WORK REQUEST
With nothing added or dropped, output every record below exactly.

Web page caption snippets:
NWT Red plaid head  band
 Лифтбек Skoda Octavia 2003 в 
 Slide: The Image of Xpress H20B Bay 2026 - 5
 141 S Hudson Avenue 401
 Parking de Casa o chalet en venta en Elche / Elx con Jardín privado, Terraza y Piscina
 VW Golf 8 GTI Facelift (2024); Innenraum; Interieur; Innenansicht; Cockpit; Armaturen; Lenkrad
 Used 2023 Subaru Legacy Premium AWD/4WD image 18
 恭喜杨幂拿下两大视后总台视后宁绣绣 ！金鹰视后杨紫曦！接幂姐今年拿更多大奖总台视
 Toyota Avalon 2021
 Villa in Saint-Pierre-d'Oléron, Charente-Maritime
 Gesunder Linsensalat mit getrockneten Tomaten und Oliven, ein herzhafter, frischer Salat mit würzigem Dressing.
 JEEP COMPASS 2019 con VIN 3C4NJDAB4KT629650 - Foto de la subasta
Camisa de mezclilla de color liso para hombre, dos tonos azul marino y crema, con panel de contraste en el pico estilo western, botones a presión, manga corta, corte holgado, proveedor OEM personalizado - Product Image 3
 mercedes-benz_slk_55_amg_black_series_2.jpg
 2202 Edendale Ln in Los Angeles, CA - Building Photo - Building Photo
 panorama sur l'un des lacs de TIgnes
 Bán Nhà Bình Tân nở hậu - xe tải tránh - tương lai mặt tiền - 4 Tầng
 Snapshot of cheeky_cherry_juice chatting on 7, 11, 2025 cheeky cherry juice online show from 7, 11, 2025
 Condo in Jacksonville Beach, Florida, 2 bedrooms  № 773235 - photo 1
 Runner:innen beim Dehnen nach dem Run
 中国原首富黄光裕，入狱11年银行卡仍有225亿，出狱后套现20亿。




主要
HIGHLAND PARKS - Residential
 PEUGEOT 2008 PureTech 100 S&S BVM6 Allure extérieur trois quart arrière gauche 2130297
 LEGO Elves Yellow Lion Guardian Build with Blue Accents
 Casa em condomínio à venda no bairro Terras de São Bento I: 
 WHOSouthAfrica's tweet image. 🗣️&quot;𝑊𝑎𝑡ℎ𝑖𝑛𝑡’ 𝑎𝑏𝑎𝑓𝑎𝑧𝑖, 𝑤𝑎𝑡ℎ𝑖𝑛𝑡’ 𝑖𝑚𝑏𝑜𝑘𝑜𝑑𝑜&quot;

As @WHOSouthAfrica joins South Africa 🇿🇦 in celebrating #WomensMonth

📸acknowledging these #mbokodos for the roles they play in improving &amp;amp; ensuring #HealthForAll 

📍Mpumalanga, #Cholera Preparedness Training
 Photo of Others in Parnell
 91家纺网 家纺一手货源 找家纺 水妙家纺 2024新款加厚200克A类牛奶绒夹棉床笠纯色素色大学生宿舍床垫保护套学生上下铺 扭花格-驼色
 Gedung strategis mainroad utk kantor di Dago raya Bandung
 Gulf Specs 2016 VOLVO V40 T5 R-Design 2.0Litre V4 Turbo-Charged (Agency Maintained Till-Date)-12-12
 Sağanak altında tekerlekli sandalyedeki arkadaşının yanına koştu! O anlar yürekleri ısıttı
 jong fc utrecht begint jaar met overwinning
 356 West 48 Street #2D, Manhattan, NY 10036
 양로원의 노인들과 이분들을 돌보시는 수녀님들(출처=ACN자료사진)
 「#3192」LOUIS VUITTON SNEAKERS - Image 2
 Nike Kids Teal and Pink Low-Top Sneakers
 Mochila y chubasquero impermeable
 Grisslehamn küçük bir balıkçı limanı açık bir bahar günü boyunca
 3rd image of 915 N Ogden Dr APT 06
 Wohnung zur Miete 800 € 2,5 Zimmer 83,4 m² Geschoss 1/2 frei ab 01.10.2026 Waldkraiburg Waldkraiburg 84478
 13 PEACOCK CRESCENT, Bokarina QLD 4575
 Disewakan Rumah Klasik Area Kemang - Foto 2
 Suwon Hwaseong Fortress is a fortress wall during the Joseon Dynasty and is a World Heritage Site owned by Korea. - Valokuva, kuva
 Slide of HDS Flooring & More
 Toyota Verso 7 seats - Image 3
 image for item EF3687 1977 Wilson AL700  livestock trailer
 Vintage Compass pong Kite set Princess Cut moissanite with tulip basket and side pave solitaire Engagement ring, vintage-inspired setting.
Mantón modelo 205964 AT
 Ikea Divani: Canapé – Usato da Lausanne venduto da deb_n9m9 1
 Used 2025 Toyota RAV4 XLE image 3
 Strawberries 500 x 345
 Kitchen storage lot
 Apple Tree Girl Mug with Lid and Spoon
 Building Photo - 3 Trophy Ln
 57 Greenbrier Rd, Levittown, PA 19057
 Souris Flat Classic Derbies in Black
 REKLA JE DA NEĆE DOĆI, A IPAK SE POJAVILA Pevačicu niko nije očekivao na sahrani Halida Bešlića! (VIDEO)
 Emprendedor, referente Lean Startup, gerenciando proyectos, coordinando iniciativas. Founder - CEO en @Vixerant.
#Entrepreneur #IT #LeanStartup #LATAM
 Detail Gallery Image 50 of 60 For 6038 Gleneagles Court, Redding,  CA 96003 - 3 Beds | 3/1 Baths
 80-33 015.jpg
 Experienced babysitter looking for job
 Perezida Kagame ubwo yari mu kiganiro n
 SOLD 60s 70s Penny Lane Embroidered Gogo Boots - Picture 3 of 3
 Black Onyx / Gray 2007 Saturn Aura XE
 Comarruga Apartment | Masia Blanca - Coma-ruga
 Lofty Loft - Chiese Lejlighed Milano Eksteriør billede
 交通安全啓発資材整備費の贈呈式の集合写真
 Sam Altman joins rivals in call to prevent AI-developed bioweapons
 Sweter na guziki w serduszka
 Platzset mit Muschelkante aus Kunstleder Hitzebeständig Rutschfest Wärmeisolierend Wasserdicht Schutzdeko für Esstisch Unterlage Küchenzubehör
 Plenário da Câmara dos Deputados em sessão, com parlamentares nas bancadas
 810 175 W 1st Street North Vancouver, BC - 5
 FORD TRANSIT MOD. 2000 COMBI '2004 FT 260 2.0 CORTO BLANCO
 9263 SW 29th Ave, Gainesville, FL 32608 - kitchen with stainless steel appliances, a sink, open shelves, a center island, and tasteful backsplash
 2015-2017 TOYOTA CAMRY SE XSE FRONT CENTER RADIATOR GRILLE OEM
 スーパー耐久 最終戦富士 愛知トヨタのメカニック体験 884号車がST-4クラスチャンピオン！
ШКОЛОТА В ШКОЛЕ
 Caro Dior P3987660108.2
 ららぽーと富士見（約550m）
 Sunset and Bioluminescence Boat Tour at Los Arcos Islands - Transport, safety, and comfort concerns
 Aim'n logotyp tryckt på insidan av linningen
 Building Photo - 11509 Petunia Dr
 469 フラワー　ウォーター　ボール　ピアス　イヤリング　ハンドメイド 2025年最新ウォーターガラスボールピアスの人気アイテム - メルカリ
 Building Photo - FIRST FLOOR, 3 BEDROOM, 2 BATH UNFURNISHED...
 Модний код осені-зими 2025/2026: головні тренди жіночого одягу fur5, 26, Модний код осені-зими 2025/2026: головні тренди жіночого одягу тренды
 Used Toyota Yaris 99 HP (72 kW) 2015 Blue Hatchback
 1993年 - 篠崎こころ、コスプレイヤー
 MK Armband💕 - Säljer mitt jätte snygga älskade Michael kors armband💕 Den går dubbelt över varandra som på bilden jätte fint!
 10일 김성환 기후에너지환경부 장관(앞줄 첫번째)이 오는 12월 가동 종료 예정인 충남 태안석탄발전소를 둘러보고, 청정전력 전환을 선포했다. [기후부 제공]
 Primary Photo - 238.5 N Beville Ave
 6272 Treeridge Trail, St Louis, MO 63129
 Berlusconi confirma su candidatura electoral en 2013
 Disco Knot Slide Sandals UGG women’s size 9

RESPONSE TO THIS TASK
NWT Red plaid head  band
 Лифтбек Skoda Octavia 2003 в 
 Slide: The Image of Xpress H20B Bay 2026 - 5
 141 S Hudson Avenue 401
 Parking de Casa o chalet en venta en Elche / Elx con Jardín privado, Terraza y Piscina
 VW Golf 8 GTI Facelift (2024); Innenraum; Interieur; Innenansicht; Cockpit; Armaturen; Lenkrad
 Used 2023 Subaru Legacy Premium AWD/4WD image 18
 恭喜杨幂拿下两大视后总台视后宁绣绣 ！金鹰视后杨紫曦！接幂姐今年拿更多大奖总台视
 Toyota Avalon 2021
 Villa in Saint-Pierre-d'Oléron, Charente-Maritime
 Gesunder Linsensalat mit getrockneten Tomaten und Oliven, ein herzhafter, frischer Salat mit würzigem Dressing.
 JEEP COMPASS 2019 con VIN 3C4NJDAB4KT629650 - Foto de la subasta
Camisa de mezclilla de color liso para hombre, dos tonos azul marino y crema, con panel de contraste en el pico estilo western, botones a presión, manga corta, corte holgado, proveedor OEM personalizado - Product Image 3
 mercedes-benz_slk_55_amg_black_series_2.jpg
 2202 Edendale Ln in Los Angeles, CA - Building Photo - Building Photo
 panorama sur l'un des lacs de TIgnes
 Bán Nhà Bình Tân nở hậu - xe tải tránh - tương lai mặt tiền - 4 Tầng
 Snapshot of cheeky_cherry_juice chatting on 7, 11, 2025 cheeky cherry juice online show from 7, 11, 2025
 Condo in Jacksonville Beach, Florida, 2 bedrooms  № 773235 - photo 1
 Runner:innen beim Dehnen nach dem Run
 中国原首富黄光裕，入狱11年银行卡仍有225亿，出狱后套现20亿。




主要
HIGHLAND PARKS - Residential
 PEUGEOT 2008 PureTech 100 S&S BVM6 Allure extérieur trois quart arrière gauche 2130297
 LEGO Elves Yellow Lion Guardian Build with Blue Accents
 Casa em condomínio à venda no bairro Terras de São Bento I: 
 WHOSouthAfrica's tweet image. 🗣️&quot;𝑊𝑎𝑡ℎ𝑖𝑛𝑡’ 𝑎𝑏𝑎𝑓𝑎𝑧𝑖, 𝑤𝑎𝑡ℎ𝑖𝑛𝑡’ 𝑖𝑚𝑏𝑜𝑘𝑜𝑑𝑜&quot;

As @WHOSouthAfrica joins South Africa 🇿🇦 in celebrating #WomensMonth

📸acknowledging these #mbokodos for the roles they play in improving &amp;amp; ensuring #HealthForAll 

📍Mpumalanga, #Cholera Preparedness Training
 Photo of Others in Parnell
 91家纺网 家纺一手货源 找家纺 水妙家纺 2024新款加厚200克A类牛奶绒夹棉床笠纯色素色大学生宿舍床垫保护套学生上下铺 扭花格-驼色
 Gedung strategis mainroad utk kantor di Dago raya Bandung
 Gulf Specs 2016 VOLVO V40 T5 R-Design 2.0Litre V4 Turbo-Charged (Agency Maintained Till-Date)-12-12
 Sağanak altında tekerlekli sandalyedeki arkadaşının yanına koştu! O anlar yürekleri ısıttı
 jong fc utrecht begint jaar met overwinning
 356 West 48 Street #2D, Manhattan, NY 10036
 양로원의 노인들과 이분들을 돌보시는 수녀님들(출처=ACN자료사진)
 「#3192」LOUIS VUITTON SNEAKERS - Image 2
 Nike Kids Teal and Pink Low-Top Sneakers
 Mochila y chubasquero impermeable
 Grisslehamn küçük bir balıkçı limanı açık bir bahar günü boyunca
 3rd image of 915 N Ogden Dr APT 06
 Wohnung zur Miete 800 € 2,5 Zimmer 83,4 m² Geschoss 1/2 frei ab 01.10.2026 Waldkraiburg Waldkraiburg 84478
 13 PEACOCK CRESCENT, Bokarina QLD 4575
 Disewakan Rumah Klasik Area Kemang - Foto 2
 Suwon Hwaseong Fortress is a fortress wall during the Joseon Dynasty and is a World Heritage Site owned by Korea. - Valokuva, kuva
 Slide of HDS Flooring & More
 Toyota Verso 7 seats - Image 3
 image for item EF3687 1977 Wilson AL700  livestock trailer
 Vintage Compass pong Kite set Princess Cut moissanite with tulip basket and side pave solitaire Engagement ring, vintage-inspired setting.
Mantón modelo 205964 AT
 Ikea Divani: Canapé – Usato da Lausanne venduto da deb_n9m9 1
 Used 2025 Toyota RAV4 XLE image 3
 Strawberries 500 x 345
 Kitchen storage lot
 Apple Tree Girl Mug with Lid and Spoon
 Building Photo - 3 Trophy Ln
 57 Greenbrier Rd, Levittown, PA 19057
 Souris Flat Classic Derbies in Black
 REKLA JE DA NEĆE DOĆI, A IPAK SE POJAVILA Pevačicu niko nije očekivao na sahrani Halida Bešlića! (VIDEO)
 Emprendedor, referente Lean Startup, gerenciando proyectos, coordinando iniciativas. Founder - CEO en @Vixerant.
#Entrepreneur #IT #LeanStartup #LATAM
 Detail Gallery Image 50 of 60 For 6038 Gleneagles Court, Redding,  CA 96003 - 3 Beds | 3/1 Baths
 80-33 015.jpg
 Experienced babysitter looking for job
 Perezida Kagame ubwo yari mu kiganiro n
 SOLD 60s 70s Penny Lane Embroidered Gogo Boots - Picture 3 of 3
 Black Onyx / Gray 2007 Saturn Aura XE
 Comarruga Apartment | Masia Blanca - Coma-ruga
 Lofty Loft - Chiese Lejlighed Milano Eksteriør billede
 交通安全啓発資材整備費の贈呈式の集合写真
 Sam Altman joins rivals in call to prevent AI-developed bioweapons
 Sweter na guziki w serduszka
 Platzset mit Muschelkante aus Kunstleder Hitzebeständig Rutschfest Wärmeisolierend Wasserdicht Schutzdeko für Esstisch Unterlage Küchenzubehör
 Plenário da Câmara dos Deputados em sessão, com parlamentares nas bancadas
 810 175 W 1st Street North Vancouver, BC - 5
 FORD TRANSIT MOD. 2000 COMBI '2004 FT 260 2.0 CORTO BLANCO
 9263 SW 29th Ave, Gainesville, FL 32608 - kitchen with stainless steel appliances, a sink, open shelves, a center island, and tasteful backsplash
 2015-2017 TOYOTA CAMRY SE XSE FRONT CENTER RADIATOR GRILLE OEM
 スーパー耐久 最終戦富士 愛知トヨタのメカニック体験 884号車がST-4クラスチャンピオン！
ШКОЛОТА В ШКОЛЕ
 Caro Dior P3987660108.2
 ららぽーと富士見（約550m）
 Sunset and Bioluminescence Boat Tour at Los Arcos Islands - Transport, safety, and comfort concerns
 Aim'n logotyp tryckt på insidan av linningen
 Building Photo - 11509 Petunia Dr
 469 フラワー　ウォーター　ボール　ピアス　イヤリング　ハンドメイド 2025年最新ウォーターガラスボールピアスの人気アイテム - メルカリ
 Building Photo - FIRST FLOOR, 3 BEDROOM, 2 BATH UNFURNISHED...
 Модний код осені-зими 2025/2026: головні тренди жіночого одягу fur5, 26, Модний код осені-зими 2025/2026: головні тренди жіночого одягу тренды
 Used Toyota Yaris 99 HP (72 kW) 2015 Blue Hatchback
 1993年 - 篠崎こころ、コスプレイヤー
 MK Armband💕 - Säljer mitt jätte snygga älskade Michael kors armband💕 Den går dubbelt över varandra som på bilden jätte fint!
 10일 김성환 기후에너지환경부 장관(앞줄 첫번째)이 오는 12월 가동 종료 예정인 충남 태안석탄발전소를 둘러보고, 청정전력 전환을 선포했다. [기후부 제공]
 Primary Photo - 238.5 N Beville Ave
 6272 Treeridge Trail, St Louis, MO 63129
 Berlusconi confirma su candidatura electoral en 2013
 Disco Knot Slide Sandals UGG women’s size 9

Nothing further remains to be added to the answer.